The merchants of doubt focus on the flaws in one paper, while ignoring other
papers that address those flaws. It is worth using https://scholar.google.com/ to
find such deceits. Hundreds of points supported in thousands of papers
would have to be over-turned to put global warming or its human causes in
doubt.
AGW has
not paused or stopped. http://thinkprogress.org/climate/2015/02/02/3617852/hottest-decade-record-groundhog/ Most of the heat from AGW ends up in the oceans,
and since sea level indicates both the sensible heat in the ocean and the heat
of fusion absorbed by land ice, sea level is the single best indicator of total
heat in the Earth System. And sea level is at historic highs, and rising faster
than ever previously recorded by man. (Nature
517, 481–484 (22 January 2015, doi:10.1038/nature14093)
To quote the Saudi Oil Minister, "The stone age did not end because they ran out of stones, The stone age ended because they found something better. The oil age will not end because we run out of oil, it will end when we find something better." We have actually found things that are better than than oil and coal. We just need to start using them.
And things like the Storegga Tsunami can happen at any time:
ReplyDeletehttp://en.wikipedia.org/wiki/Doggerland
Thank you for this! My engineer husband, who is very politically conservative, refuses to think that AGW is real. I will share this post with him & it might make a difference. Thanks again!
ReplyDeletere Storegga,
ReplyDeleteAnd, Homer reminds us of 2 large tsunamis in the Mediterranean associated with volcanic eruptions.
The 2004 tsunami may have been the deadliest tsunami in history and it killed about 160,000 of the 6,400,000,0000 people alive at the time. On a global basis, most people survived the event. However many people the Storegga killed, it did not affect many people in China, Africa or the Americas.
The bad lands "Pot Holes" of Washington State are attributed to erosion floods from a Lake Missoula dammed by ice. However, an ice dam will not withstand a hydraulic head of more than ~18 ft, so we know that the flood was caused by a progressive structural collapse of a frozen Lake Missoula with shallow super glacial lakes producing the wave terraces.
Similar analysis shows that discharges of Lake Agassiz were the progressive structural collapse of solid ice structures - which is not to say that there were not periods when there were substantial liquid lakes there. There are similar and larger outflow patterns on Antarctica. Such a progressive structural collapse of a major ice sheet could produce a significant tsunamis.

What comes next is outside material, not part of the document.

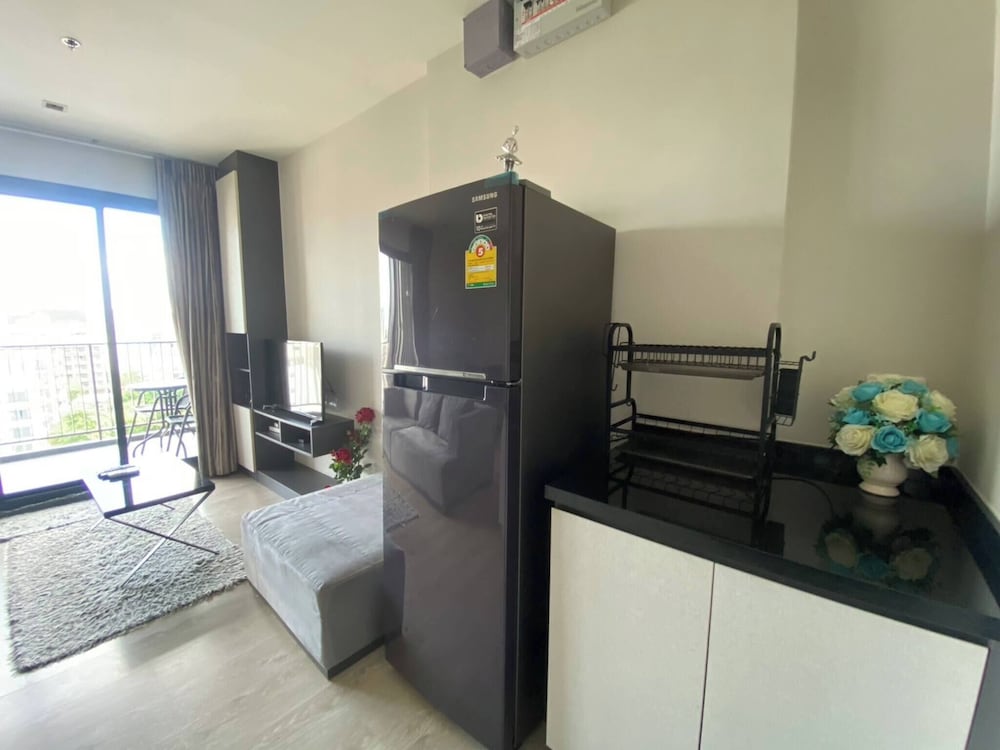 2 Bed Room At Excellent Location - Best In Class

Compared to potential major eruptions of large volcanoes such as produced by the Yellowstone Caldera or the Long Valley Caldera, or major asteroid strikes, tsunamis in recent times have had rather small impacts on population.
What particularly scares me about events such as Storegga is the potential for large releases of sea floor methane. This is not in our (IPCC) models, and such uncertainty is not our friend.
Nuclear Energy > Coal, wind, solar. Just sayin'.